Trivago operated a hotel search and comparison platform for Australian consumers. A user could search for accommodation by city, region or hotel, choose dates and room type, and then see a list of hotel listings. Each listing showed several offers from online booking sites and sometimes the hotel itself. One offer was given special prominence in green text, in a relatively large font, with a green View Deal button. The judgment calls this the Top Position Offer.
Trivago also marketed the service as a way to find the ideal hotel for the best price. The judgment quotes a television advertisement that told viewers Trivago instantly compared prices from over 200 different websites and made it easy to find the ideal hotel for the best price. During the first part of the relevant period, the landing page slogan used the same idea. Later, the slogan changed to wording about finding your ideal hotel and comparing prices from many websites, and then from different websites.
The ACCC said the service did not work in the way consumers were likely to think. A central issue was Trivago's cost per click model. Online booking sites paid Trivago a fee if a consumer clicked on their offer. That fee was payable whether or not a booking was made and was Trivago's principal source of revenue. The ACCC alleged that the Top Position Offer was selected primarily by reference to the CPC Trivago would receive, rather than because it was the cheapest or otherwise the most attractive offer for the consumer.
Trivago disputed that and argued that offer price was a more important factor than CPC in determining the Top Position Offer. Because of that dispute, both sides called computer science experts to analyse the algorithm. The experts agreed on one commercially significant point recorded in the judgment: in approximately 66% of listings, higher priced offers were selected as the Top Position Offer over alternative lower priced offers.

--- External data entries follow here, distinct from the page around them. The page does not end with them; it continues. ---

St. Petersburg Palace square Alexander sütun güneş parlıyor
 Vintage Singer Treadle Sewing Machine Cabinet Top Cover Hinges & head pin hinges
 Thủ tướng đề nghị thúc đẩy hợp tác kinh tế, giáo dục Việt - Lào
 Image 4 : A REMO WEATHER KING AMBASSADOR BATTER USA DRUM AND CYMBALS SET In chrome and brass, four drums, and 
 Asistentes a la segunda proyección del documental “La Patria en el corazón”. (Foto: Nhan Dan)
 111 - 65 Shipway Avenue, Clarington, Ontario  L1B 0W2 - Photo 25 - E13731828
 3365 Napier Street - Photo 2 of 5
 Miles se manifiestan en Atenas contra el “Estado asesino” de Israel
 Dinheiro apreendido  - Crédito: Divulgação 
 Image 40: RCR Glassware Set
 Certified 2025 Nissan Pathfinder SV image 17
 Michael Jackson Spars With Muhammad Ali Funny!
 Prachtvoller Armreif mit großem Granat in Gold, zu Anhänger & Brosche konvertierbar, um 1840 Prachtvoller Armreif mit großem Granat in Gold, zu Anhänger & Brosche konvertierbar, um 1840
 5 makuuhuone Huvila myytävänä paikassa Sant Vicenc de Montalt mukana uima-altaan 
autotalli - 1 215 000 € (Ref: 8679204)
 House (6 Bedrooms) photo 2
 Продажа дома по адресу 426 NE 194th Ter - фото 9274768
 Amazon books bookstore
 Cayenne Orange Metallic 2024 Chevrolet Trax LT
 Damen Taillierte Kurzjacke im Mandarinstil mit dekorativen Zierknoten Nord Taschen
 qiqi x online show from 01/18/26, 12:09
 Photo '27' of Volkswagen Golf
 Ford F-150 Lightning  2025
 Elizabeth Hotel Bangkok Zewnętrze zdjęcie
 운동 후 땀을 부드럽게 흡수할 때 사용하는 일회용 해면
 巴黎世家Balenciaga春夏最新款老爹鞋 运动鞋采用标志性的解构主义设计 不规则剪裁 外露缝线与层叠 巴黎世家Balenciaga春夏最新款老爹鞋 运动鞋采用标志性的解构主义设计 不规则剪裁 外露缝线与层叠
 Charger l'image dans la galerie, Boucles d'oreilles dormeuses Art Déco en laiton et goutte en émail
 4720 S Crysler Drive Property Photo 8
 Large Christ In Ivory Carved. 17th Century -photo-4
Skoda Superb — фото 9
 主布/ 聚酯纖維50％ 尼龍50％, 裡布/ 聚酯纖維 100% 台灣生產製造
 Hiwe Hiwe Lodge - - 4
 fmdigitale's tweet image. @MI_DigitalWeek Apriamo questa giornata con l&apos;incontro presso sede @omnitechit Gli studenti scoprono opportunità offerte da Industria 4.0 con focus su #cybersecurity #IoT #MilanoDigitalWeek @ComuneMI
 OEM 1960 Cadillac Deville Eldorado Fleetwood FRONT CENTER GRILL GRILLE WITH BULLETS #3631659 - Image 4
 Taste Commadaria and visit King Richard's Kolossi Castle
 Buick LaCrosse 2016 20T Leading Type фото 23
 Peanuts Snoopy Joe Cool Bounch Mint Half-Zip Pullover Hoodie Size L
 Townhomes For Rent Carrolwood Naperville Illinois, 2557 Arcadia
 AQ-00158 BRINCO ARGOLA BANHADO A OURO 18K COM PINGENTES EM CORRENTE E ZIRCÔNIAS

The case was not only about the green highlighted offer. Above the Top Position Offer, Trivago displayed another offer in red. During part of the period it appeared as a red strike-through price. Later it appeared as a red price without the strike-through. The ACCC alleged that these displays represented a comparison between prices for the same room category in the same hotel, when in fact the comparison often involved a more expensive room category than the Top Position Offer.
The Court also had to deal with the fact that the website changed over time. The relevant period ran from 1 December 2016 to 13 September 2019, and the Court divided it into four sub-periods. That matters because the representations and the website features were not identical throughout. The first sub-period ran from 1 December 2016 to 29 April 2018, the second from 29 April 2018 to 20 November 2018, the third from 20 November 2018 to 13 February 2019, and the fourth from 13 February 2019 to 13 September 2019.
There was also a broader allegation about the overall message of the service. The ACCC said that by combining the advertising, the Top Position Offer, the comparison prices and other website features, Trivago led consumers to believe the site provided an impartial, objective and transparent price comparison that would enable them to quickly and easily identify the cheapest available offer for a particular or the exact same room at a particular hotel.